The metalogical intractability of orthomodularity

Abstract

As we have seen, the proposition-ortholattice in a Kripkean realization k = (I, R, Pr, V) does not generally coincide with the (algebraically) complete ortholattice of all propositions of the orthoframe 〈I, R〉. When Pr is the set of all propositions, k will be called standard. Thus, a standard orthomodular Kripkean realization is a standard realization, where Pr is orthomodular. In the case of OL, every nonstandard Kripkean realization can be naturally extended to a standard one (see the proof of Theorem 8.1.13). In particular, Pr can always be embedded into the complete ortholattice of all propositions of the orthoframe at issue. Moreover, as we have learned from the completeness proof, the canonical model of OL is standard.

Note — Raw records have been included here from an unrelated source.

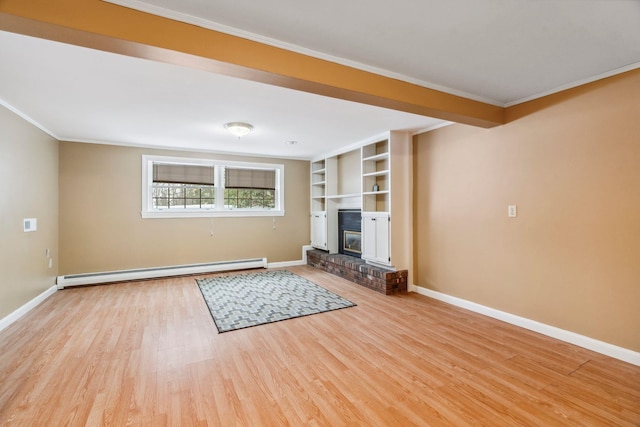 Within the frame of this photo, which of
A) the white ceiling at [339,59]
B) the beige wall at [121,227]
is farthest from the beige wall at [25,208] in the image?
the white ceiling at [339,59]

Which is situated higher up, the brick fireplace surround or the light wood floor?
the brick fireplace surround

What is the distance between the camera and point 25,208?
138 inches

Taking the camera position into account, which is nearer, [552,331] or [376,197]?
[552,331]

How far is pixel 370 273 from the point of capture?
4.45 metres

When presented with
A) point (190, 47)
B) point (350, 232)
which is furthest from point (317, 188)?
point (190, 47)

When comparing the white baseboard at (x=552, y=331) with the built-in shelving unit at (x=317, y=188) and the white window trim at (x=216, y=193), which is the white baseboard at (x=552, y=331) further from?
the white window trim at (x=216, y=193)

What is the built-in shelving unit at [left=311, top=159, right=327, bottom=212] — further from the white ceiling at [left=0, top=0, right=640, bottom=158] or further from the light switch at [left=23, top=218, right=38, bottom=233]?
the light switch at [left=23, top=218, right=38, bottom=233]

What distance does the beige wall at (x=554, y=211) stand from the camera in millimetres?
2375

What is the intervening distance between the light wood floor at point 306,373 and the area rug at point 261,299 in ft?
0.65

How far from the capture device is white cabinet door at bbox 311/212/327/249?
19.5 ft

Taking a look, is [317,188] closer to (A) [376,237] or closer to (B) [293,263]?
(B) [293,263]

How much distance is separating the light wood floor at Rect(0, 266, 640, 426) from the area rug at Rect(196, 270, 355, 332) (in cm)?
20

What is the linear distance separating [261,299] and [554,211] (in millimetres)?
3493

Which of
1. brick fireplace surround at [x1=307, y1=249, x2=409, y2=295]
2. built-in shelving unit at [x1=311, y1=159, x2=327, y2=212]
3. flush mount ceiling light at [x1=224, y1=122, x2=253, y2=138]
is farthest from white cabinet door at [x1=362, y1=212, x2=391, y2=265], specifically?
flush mount ceiling light at [x1=224, y1=122, x2=253, y2=138] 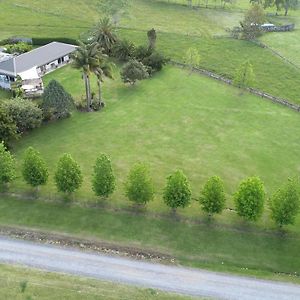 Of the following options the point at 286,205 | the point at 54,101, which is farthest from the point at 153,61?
the point at 286,205

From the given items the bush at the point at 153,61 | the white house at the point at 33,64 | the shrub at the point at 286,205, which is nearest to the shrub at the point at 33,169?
the white house at the point at 33,64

In the case of OQL, however, there are various reasons that make significant the distinction between standard and nonstandard realizations:

1. (i)

   Orthomodularity is not elementary (Goldblatt, 1984). In other words, there is no way to express the orthomodular property of the ortholattice Pr in an orthoframe 〈I, R〉 as an elementary (first-order) property.

2. (ii)

   It is not known whether every orthomodular lattice is embeddable into a complete orthomodular lattice.

3. (iii)

   It is an open question whether OQL is characterized by the class of all standard orthomodular Kripkean realizations.

4. (iv)

   It is not known whether OQL admits a standard canonical model. If we try to construct a canonical realization for OQL by taking Pr as the set of all possible propositions as in the OL-case (call such a realization a pseudo canonical realization), do we obtain an OQL-realization, satisfying the orthomodular property? In other words, is the pseudo canonical realization a model of OQL?